One commonly overlooked aspect of a mergers and acquisitions (M&A) transaction is determining the tax impact on the seller. Without proper tax planning during the early stages of the transaction, you may end up hitting a home run in terms of sale price — only to give away much more than necessary to Uncle Sam.
We highly recommend that anyone looking to sell their business use an intermediary firm with a CPA (or even better, multiple CPAs) on staff so that a potential sale transaction can be negotiated from inception. Focusing on an optimal tax structure should be in the forefront, not relegated to a last-minute detail.

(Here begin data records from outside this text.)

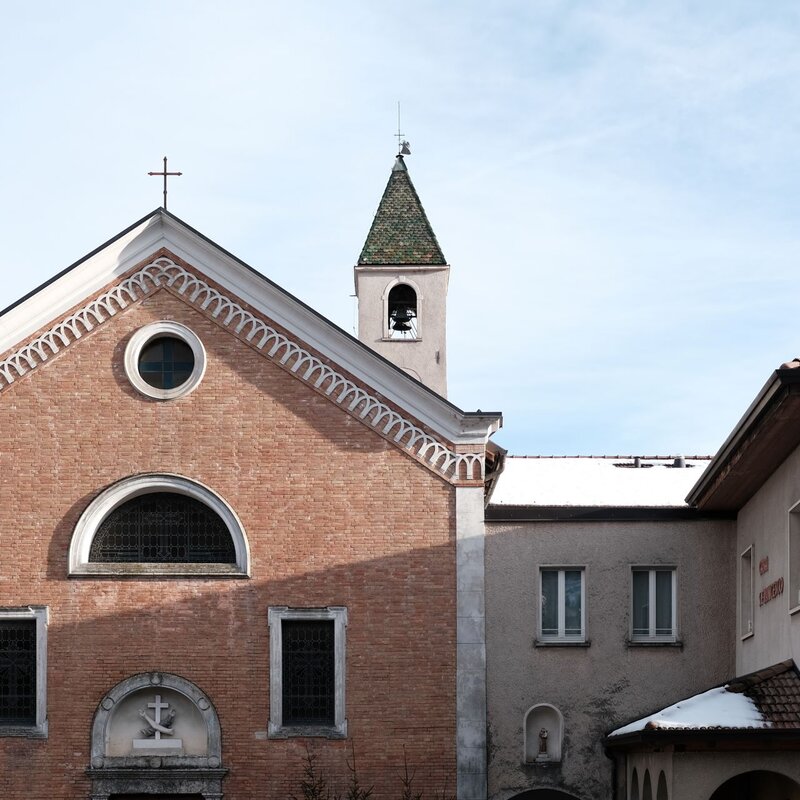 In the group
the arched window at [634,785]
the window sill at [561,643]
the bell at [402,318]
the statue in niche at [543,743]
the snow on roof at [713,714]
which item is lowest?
the arched window at [634,785]

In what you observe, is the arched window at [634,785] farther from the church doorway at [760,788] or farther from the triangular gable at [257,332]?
the triangular gable at [257,332]

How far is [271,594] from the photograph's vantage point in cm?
2355

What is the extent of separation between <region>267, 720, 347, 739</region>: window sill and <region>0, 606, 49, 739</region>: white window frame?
10.7 feet

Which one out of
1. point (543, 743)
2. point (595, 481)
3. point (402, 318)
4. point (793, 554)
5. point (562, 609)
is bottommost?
point (543, 743)

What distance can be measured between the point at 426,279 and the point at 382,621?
13.5m

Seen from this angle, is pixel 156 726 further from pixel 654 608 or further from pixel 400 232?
pixel 400 232

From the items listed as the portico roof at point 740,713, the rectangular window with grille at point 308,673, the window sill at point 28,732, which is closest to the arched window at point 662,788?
the portico roof at point 740,713

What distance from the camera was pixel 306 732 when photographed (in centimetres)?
2319

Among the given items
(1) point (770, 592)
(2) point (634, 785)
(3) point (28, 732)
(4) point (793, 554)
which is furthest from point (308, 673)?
(4) point (793, 554)

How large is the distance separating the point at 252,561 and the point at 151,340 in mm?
3651

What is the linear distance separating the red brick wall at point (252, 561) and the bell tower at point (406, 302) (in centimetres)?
1103

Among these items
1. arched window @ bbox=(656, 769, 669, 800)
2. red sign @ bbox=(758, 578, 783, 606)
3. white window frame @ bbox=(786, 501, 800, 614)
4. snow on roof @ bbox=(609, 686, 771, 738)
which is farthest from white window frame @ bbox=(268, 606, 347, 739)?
white window frame @ bbox=(786, 501, 800, 614)

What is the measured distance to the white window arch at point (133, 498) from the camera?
77.0 feet

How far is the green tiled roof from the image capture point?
1405 inches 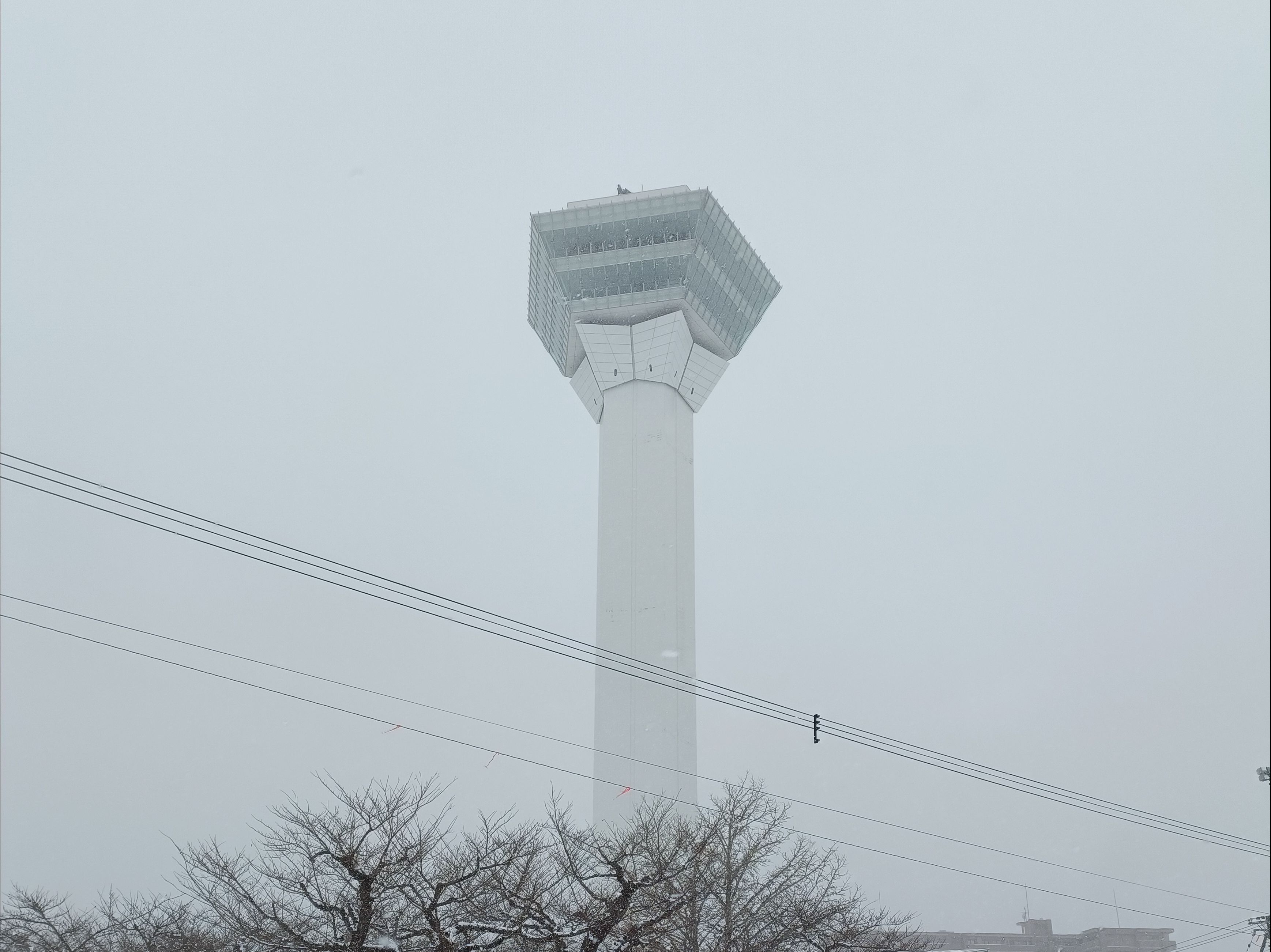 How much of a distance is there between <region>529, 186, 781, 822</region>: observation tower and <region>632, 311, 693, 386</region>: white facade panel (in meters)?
0.09

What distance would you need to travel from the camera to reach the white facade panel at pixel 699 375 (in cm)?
7931

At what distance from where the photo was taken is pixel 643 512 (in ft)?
243

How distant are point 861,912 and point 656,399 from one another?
156 feet

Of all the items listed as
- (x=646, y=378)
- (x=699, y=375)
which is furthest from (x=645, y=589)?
(x=699, y=375)

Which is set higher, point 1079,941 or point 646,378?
point 646,378

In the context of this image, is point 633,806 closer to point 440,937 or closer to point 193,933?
point 193,933

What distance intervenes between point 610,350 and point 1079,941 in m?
73.3

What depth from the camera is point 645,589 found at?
2827 inches

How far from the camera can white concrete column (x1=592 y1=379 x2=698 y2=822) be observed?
67.6 metres

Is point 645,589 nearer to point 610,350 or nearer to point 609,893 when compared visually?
point 610,350

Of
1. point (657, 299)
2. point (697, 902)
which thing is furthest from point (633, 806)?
point (697, 902)

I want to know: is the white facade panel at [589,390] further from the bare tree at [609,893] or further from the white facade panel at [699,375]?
the bare tree at [609,893]

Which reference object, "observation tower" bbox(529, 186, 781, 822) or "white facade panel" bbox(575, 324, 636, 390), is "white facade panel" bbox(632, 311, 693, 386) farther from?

It may be too late by then to make any material structural changes.
Proper tax planning as it relates to the sale of a business depends upon several factors, but the most important is how the seller is set up in terms of legal entity type. A C corporation (C Corp) can be challenging, because of a double tax concern, but there are solutions to substantially reduce such adverse consequences. Even if the seller is a pass-through entity, such as an S corporation (S Corp) or limited liability corporation (LLC), the difference between ordinary marginal income tax rates vs. long-term capital gain rates of almost 20 percent can provide opportunities to properly plan for greater after-tax proceeds.
If you want to minimize the tax bite, do your tax planning in conjunction with the negotiation of deal terms — not after the deal has closed.